Ordigni incendiari e bombe rudimentali contro l’establishment militare-monarchico e l’industria del turismo: tra giovedì e venerdì, il Sud della Thailandia è stato scosso da una serie di attentati che hanno ucciso quattro persone, tutte thailandesi, e causato decine di feriti. Tra questi, molti stranieri, compresi due italiani, Lorenzo Minuti e Andrea Tazzioli, in condizioni non gravi.
Gli obiettivi scelti, spiagge, mercatini, negozi di souvenir in rinomate località turistiche (Hua Hin, Phuket, Trang, Surat Thani, Phang Nga, Krabi), indicano la volontà di colpire un settore che genera circa il 20% del Pil, uno dei pochi in salute in un’economia in crisi da due anni. Trenta milioni di persone hanno visitato il Paese l’anno scorso, e oltre 16 milioni nei primi 5 mesi del 2016. Il giorno scelto, la vigilia della festa nazionale per il compleanno della regina Srikit, mette invece nel mirino il blocco militare-monarchico che regge le fila del Paese: i generali, saliti al potere nel 2104 dopo l’ennesimo colpo di Stato, sono il più strenuo baluardo della corona, in un Paese dove la maggioranza della popolazione venera l’anziano sovrano Bhumipol come una sorta di divinità, tanto che basta mancare di rispetto alla famiglia reale (e al cane di corte) per finire in galera.

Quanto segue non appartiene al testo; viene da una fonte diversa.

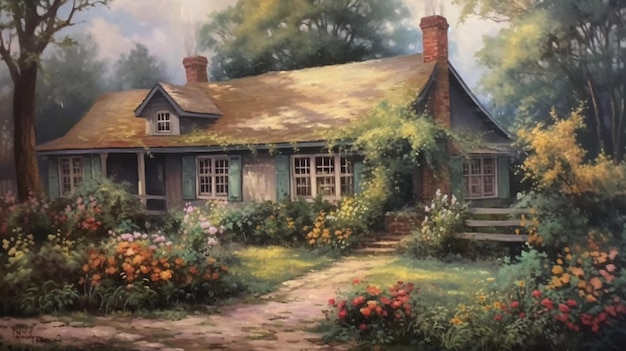 Una pintura de una casa con un camino de jardín y una casa con un techo verde.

Degli almeno dieci attentati che si sono susseguiti in poche ore, il più grave è avvenuto nella tarda serata a Hua Hin, dove ha sede la residenza favorita del sovrano fuori Bangkok, il palazzo reale Klai Kangwon, che significa “Lontano dalle preoccupazioni”. In una strada piena di bar e ristoranti, due bombe nascoste tra vasi di piante sono state fatte esplodere con un telefonino a circa 40 minuti l’una dall’altra. Una donna thailandese è rimasta uccisa e venti persone sono state ferite. Nella notte gli altri attentati, uno ancora a Hua Hin (un morto e 4 feriti). Presa di mira anche una stazione di polizia a Surat Thani. La lunga scia era cominciata giovedì mattina, a Trang.
Per il momento, le autorità parlano di «sabotaggio locale» ed escludono l’ipotesi del terrorismo internazionale e di gruppi estremistici legati all’Isis, che invece avevano rivendicato l’attacco portato a Giacarta (capitale dell’Indonesia) a gennaio di quest’anno: nel Sud-Est asiatico sono numerose le milizie che hanno issato la bandiera nera del Califfato.
La polizia, che ha arrestato due persone, afferma che non si tratta di «terrorismo» e tende a smontare anche la pista dei gruppi separatisti attivi nelle tre province a maggioranza musulmana del Sud del Paese, Yala, Pattani e Narathiwat. Anche se alcune fonti della polizia hanno messo in evidenza che lo schema degli attentati segue proprio il modello solitamente adottato nel Sud.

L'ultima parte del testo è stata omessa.